### Exercise details
Word for word, copy the listing below and leave out its images.

Collected material section start

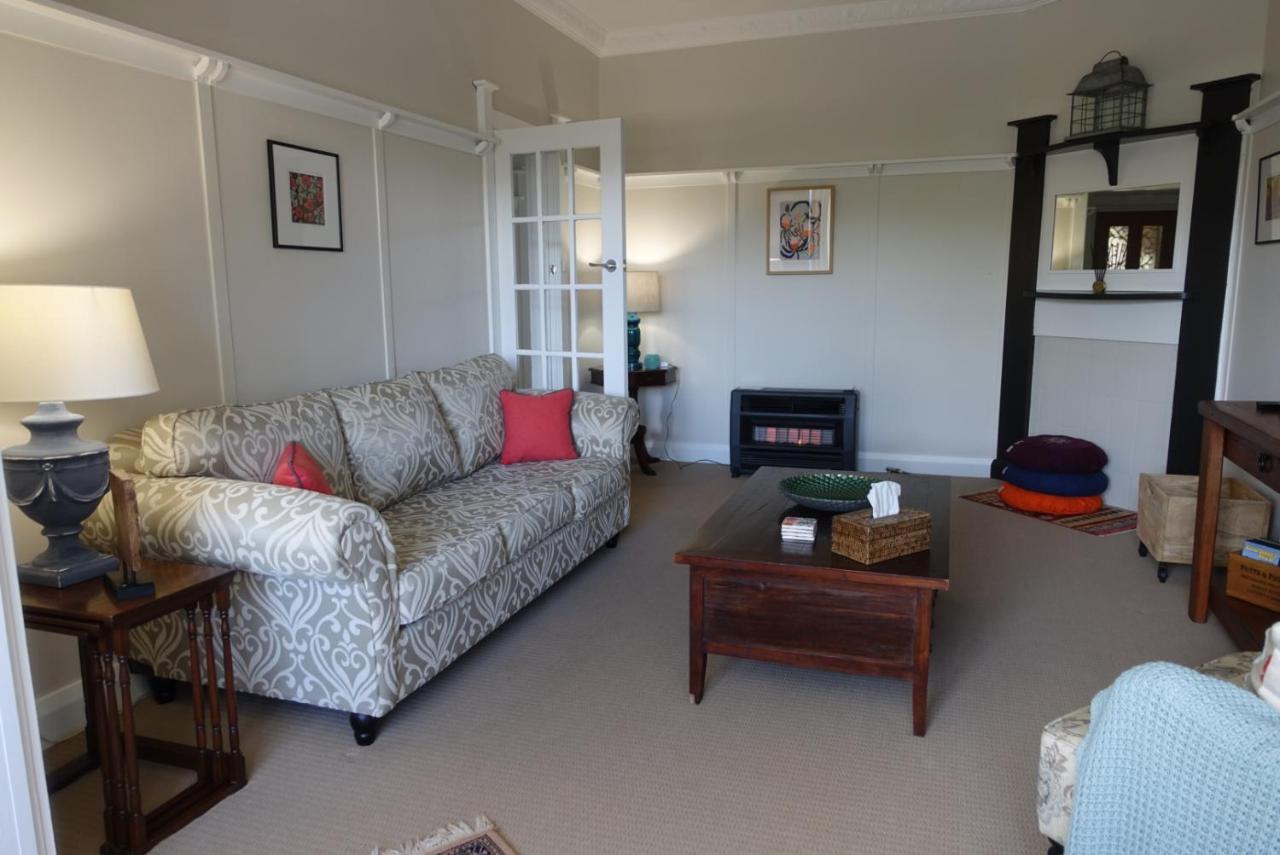 Lurline Villas Katoomba Bagian luar foto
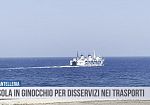 ​Pantelleria in ginocchio per disservizi nei trasporti
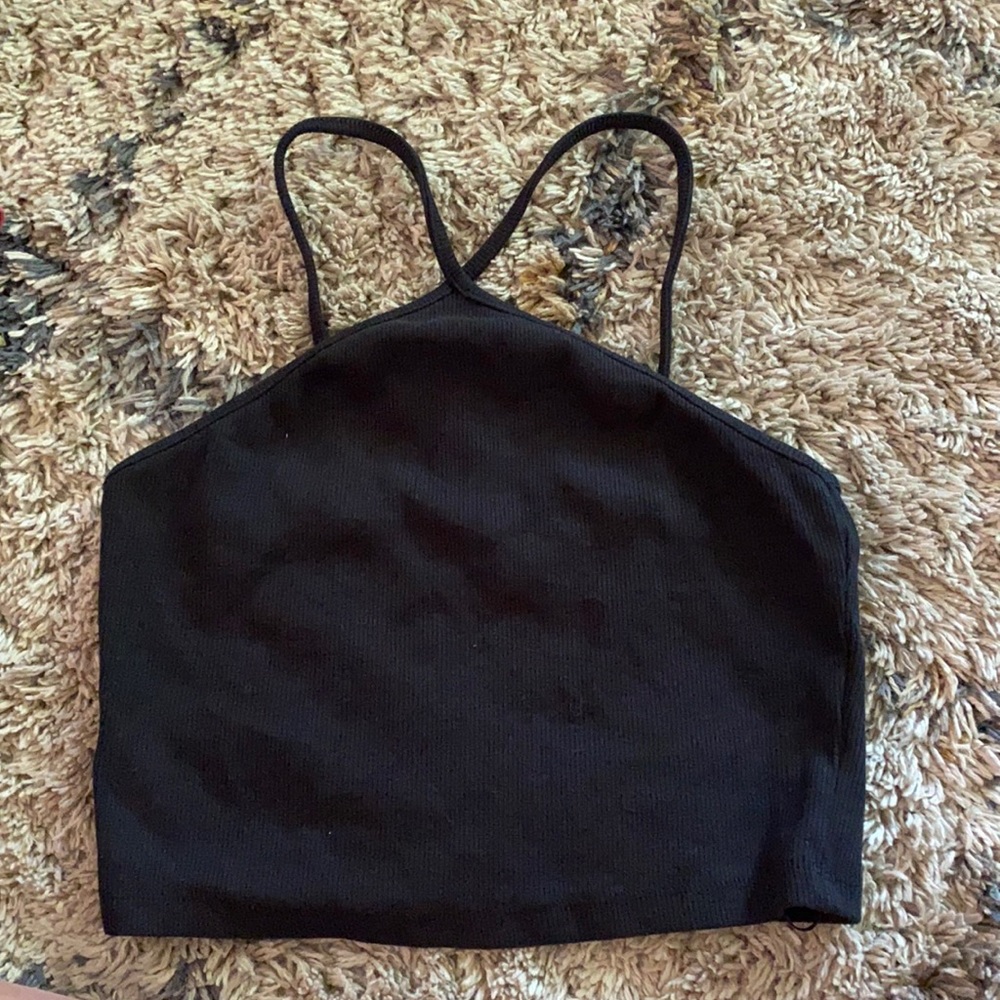 Zara tank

Collected material section end

### Final answer
 Lurline Villas Katoomba Bagian luar foto
 ​Pantelleria in ginocchio per disservizi nei trasporti
 Zara tank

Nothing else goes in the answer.